PyTorch or Caffe2: pyTorch
How you installed PyTorch (conda, pip, source): pip
Build command you used (if compiling from source):
OS: ubuntu 16.04
PyTorch version: 0.4.1
Python version: 3.5.2
CUDA/cuDNN version: 8.0
GPU models and configuration: TITAN X
GCC version (if compiling from source):
CMake version: 3.5.1
Versions of any other relevant libraries:

The text was updated successfully, but these errors were encountered:

zichaow · 2018-09-14T21:43:53Z

@ssnl does this appear to be a bug in the RNNCell with ReLU?

ssnl · 2018-09-17T17:48:37Z

@moonlightlane Yes it is a bug. You are correct.

t-vi · 2018-09-20T10:50:19Z

@ssnl No, it's not a bug:

It's a corner case of whether the grad of relu at 0 should be 0 or 1. CuDNN uses 1, we use 0.

import torch

torch.backends.cudnn.enabled = True
torch.cuda.manual_seed(0)
torch.manual_seed(0)
device = 'cuda'
T = 2
bs = 1
H = 3

input = torch.randn(T, bs, 1, device=device)
hx0 = torch.randn(bs, H, device=device)
rnn1 = torch.nn.RNNCell(1, H, nonlinearity=nonlinearity, bias=False).to(device)
nn.init.eye_(rnn1.weight_hh)
nn.init.eye_(rnn1.weight_ih)

hx1 = hx0
output1 = []
for i in range(T):
    hx1 = rnn1(input[i], hx1)
loss1 = hx1.sum()

grad_params1 = torch.autograd.grad(loss1, rnn1.parameters(), create_graph=True, retain_graph=True, allow_unused=True)


grad_norm1 = 0
for idx in range(len(grad_params1)):
    grad_norm1 += torch.norm(grad_params1[idx])
print('rnn1 - loss: %f' % (loss1))
print('rnn1 -  sum of gradient norm is: %f' % (grad_norm1))
print('---')

rnn2 = torch.nn.RNN(1, H, nonlinearity=nonlinearity, bias=False).to(device)
with torch.no_grad():
    rnn2.weight_hh_l0.copy_(rnn1.weight_hh)
    rnn2.weight_ih_l0.copy_(rnn1.weight_ih)
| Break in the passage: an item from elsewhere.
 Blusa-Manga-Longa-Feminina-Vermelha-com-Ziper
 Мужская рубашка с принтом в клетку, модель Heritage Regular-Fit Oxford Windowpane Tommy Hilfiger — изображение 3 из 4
output2, hx2 = rnn2(input, hx0.unsqueeze(0))

loss2 = hx2.sum()

# calculate gradients and sum of gradient norms
grad_params2 = torch.autograd.grad(loss2, rnn2.parameters(), create_graph=True, retain_graph=True, allow_unused=True)
grad_norm2 = 0
for idx in range(len(grad_params2)):
    grad_norm2 += torch.norm(grad_params2[idx])
print('rnn2 - loss: %f' % (loss2))
print('rnn2 - sum of gradient norm is: %f' % (grad_norm2))


class myReLU(torch.autograd.Function):
    @staticmethod
    def forward(ctx, x, relutype):
        if relutype:
            ctx._mask = (x >= 0)
        else:
            ctx._mask = (x > 0)
        return x.relu()
    @staticmethod
    def backward(ctx, grad_out):
        return grad_out * ctx._mask.to(grad_out.dtype), None

def myrnn(input, hx, w_ih, w_hh, relutype=False):
    for aninp in input:
        i_ = torch.mm(aninp, w_ih.t())
        h_ = torch.mm(hx, w_hh.t())
        hx = myReLU.apply(i_ + h_, relutype)
    return hx

w_ih = rnn1.weight_ih.detach().requires_grad_()
w_hh = rnn1.weight_hh.detach().requires_grad_()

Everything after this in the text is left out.